Comprehensive Phosphoproteome
Analysis of INS-1 Pancreatic
Beta-Cells using Various Digestion Strategies Coupled with Liquid
Chromatography–Tandem Mass Spectrometry
posted on 2012-04-06, 00:00authored byDohyun Han, Sungyoon Moon, Yikwon Kim, Won-Kyung Ho, Kyunggon Kim, Yup Kang, Heesook Jun, Youngsoo Kim
Type 2 diabetes results from aberrant regulation of the
phosphorylation
cascade in beta-cells. Phosphorylation in pancreatic beta-cells has
not been examined extensively, except with regard to subcellular phosphoproteomes
using mitochondria. Thus, robust, comprehensive analytical strategies
are needed to characterize the many phosphorylated proteins that exist,
because
of their low abundance, the low stoichiometry of phosphorylation,
and the dynamic regulation of phosphoproteins. In this study, we attempted
to generate data on a large-scale phosphoproteome from the INS-1 rat
pancreatic beta-cell line using linear ion trap MS/MS. To profile
the phosphoproteome in-depth, we used comprehensive phosphoproteomic
strategies, including detergent-based protein extraction (SDS and
SDC), differential sample preparation (in-gel, in-solution digestion,
and FASP), TiO2 enrichment, and MS replicate analyses (MS2-only
and multiple-stage activation). All spectra were processed and validated
by stringent multiple filtering using target and decoy databases.
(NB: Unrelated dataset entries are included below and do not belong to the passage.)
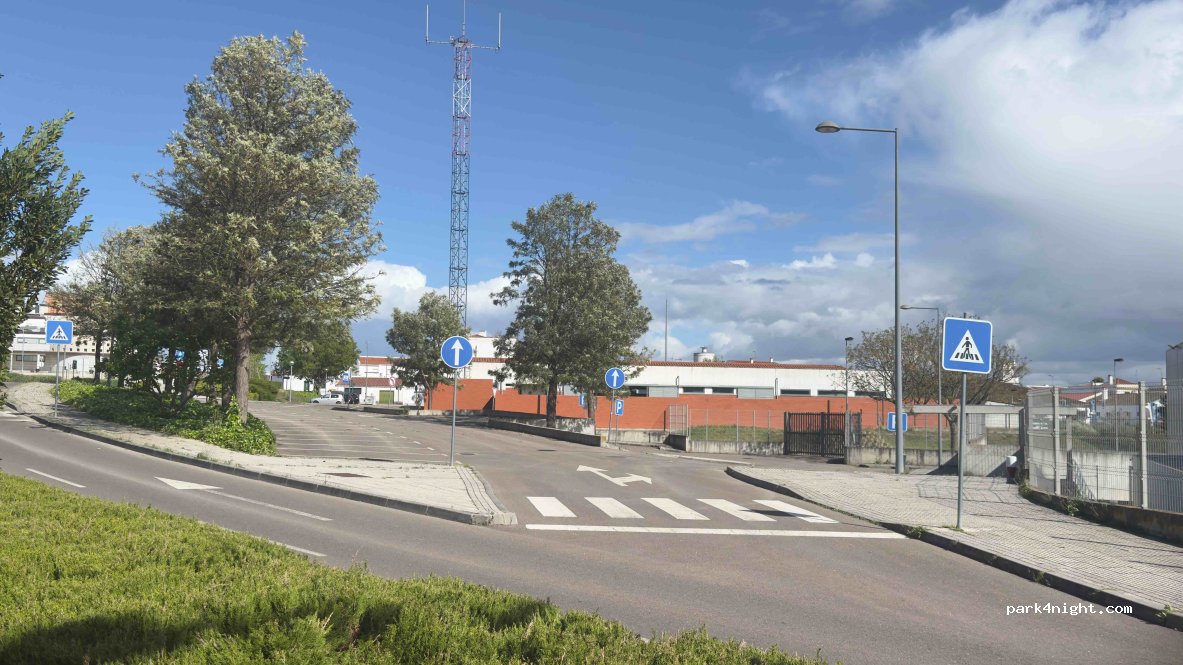 (7370) Campo Maior - 7370 Rua Doutor Tello da Gama — foto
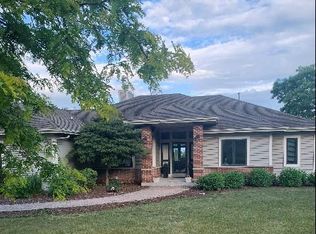 2378 Ball Dr, Richfield, WI 53076
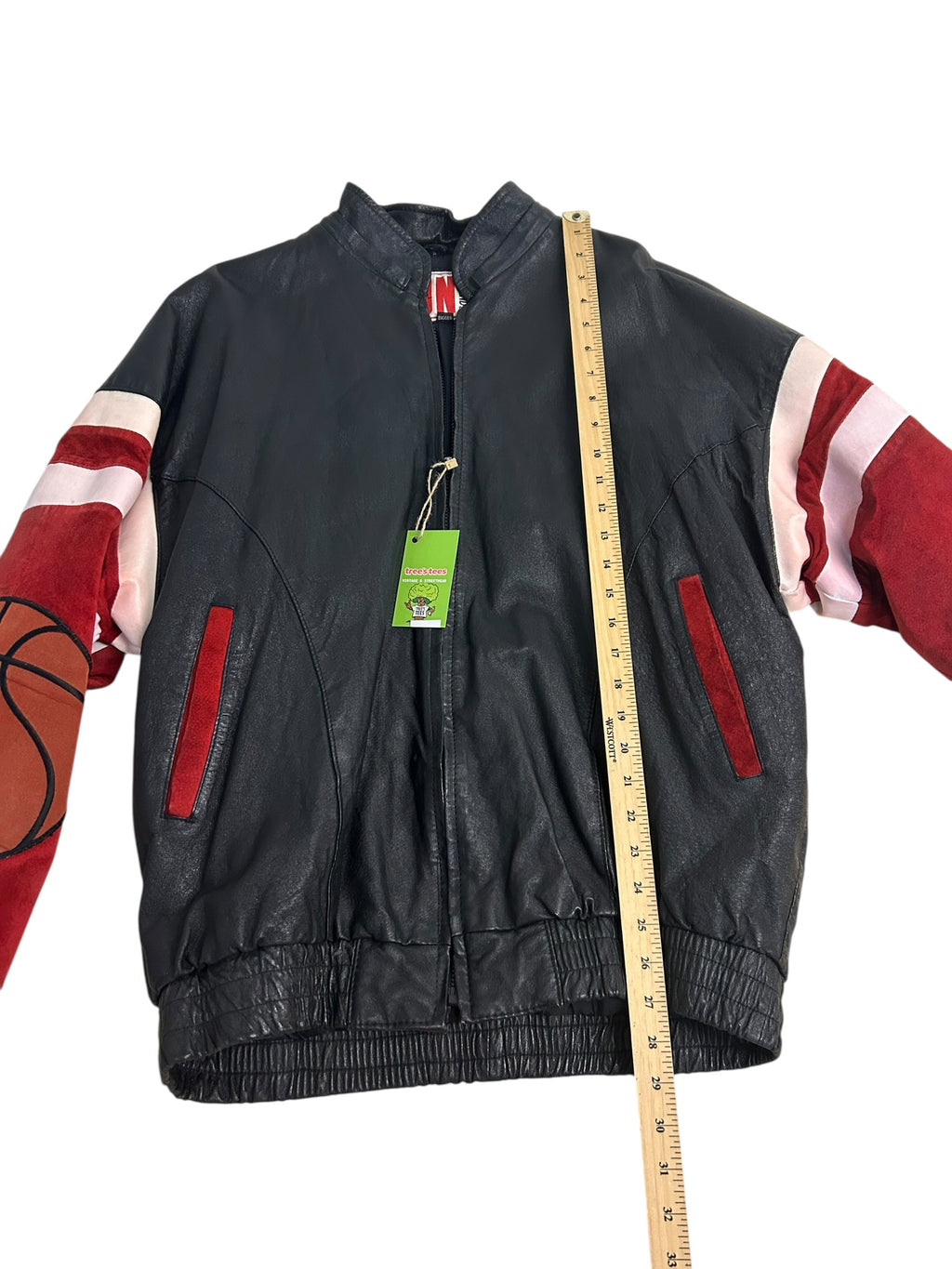 Vintage Chicago Basketball Leather Jacket – Black & Red – Size Large (23.5” P2P)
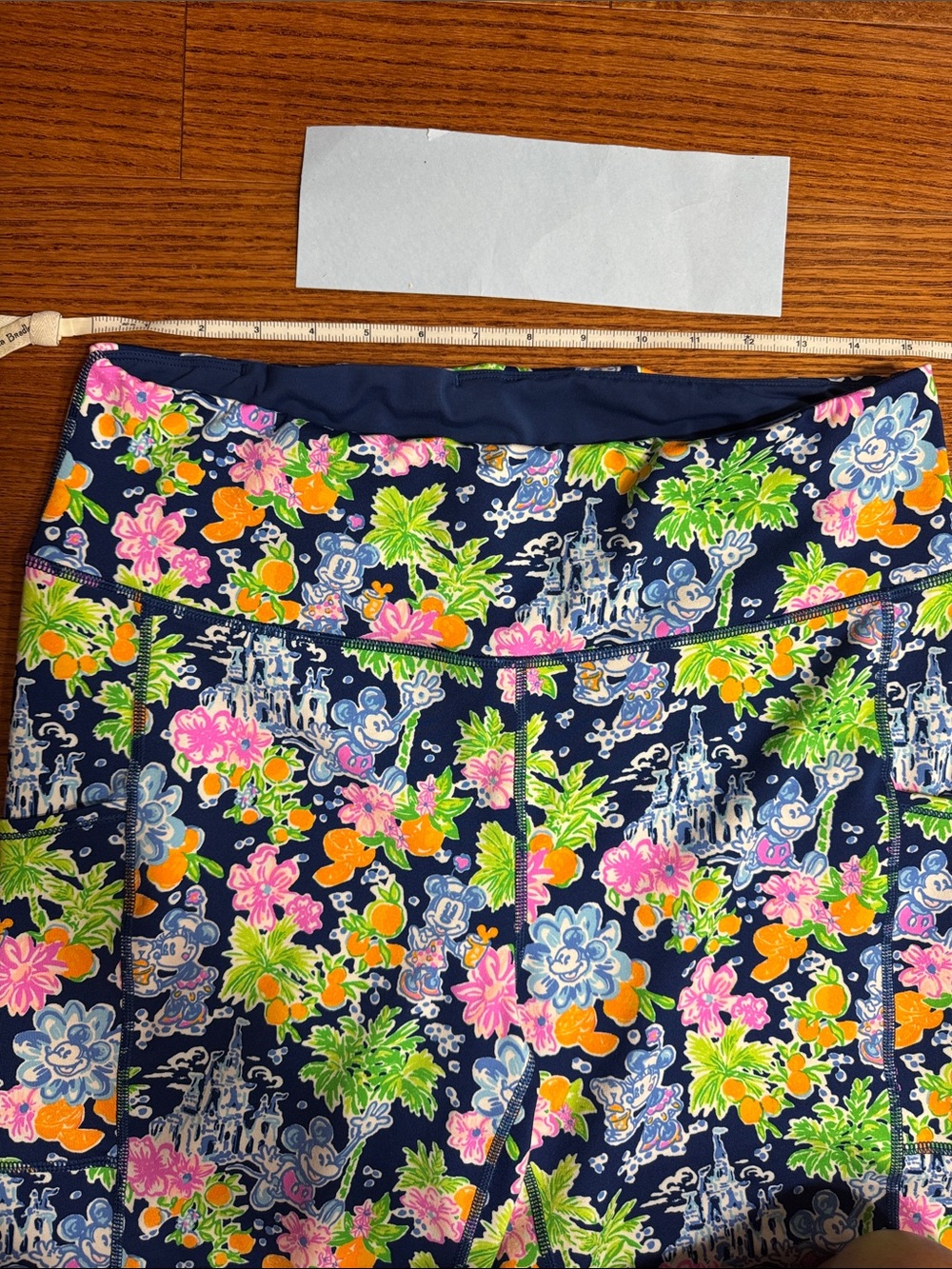 XL Lilly Pulitzer x Disney Luxletic Leggings - Picture 4 of 9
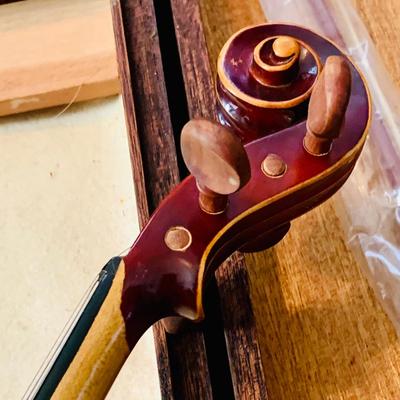 LOT 327: Vintage Facsimile Stradivarius Violin With Bow and Wooden Case Kiso-Fukushima Japan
We identified 2467 distinct phosphorylation sites on 1419 phosphoproteins
using 4 mg of INS-1 cell lysate in 24 LC–MS/MS runs, of which
683 (27.7%) were considered novel phosphorylation sites that have
not been characterized in human, mouse, or rat homologues. Our informatics
data constitute a rich bioinformatics resource for investigating the
function of reversible phosphorylation in pancreatic beta-cells. In
particular, novel phosphorylation sites on proteins that mediate the
pathology of type 2 diabetes, such as Pdx-1, Nkx.2, and Srebf1, will
be valuable targets in ongoing phosphoproteomics studies.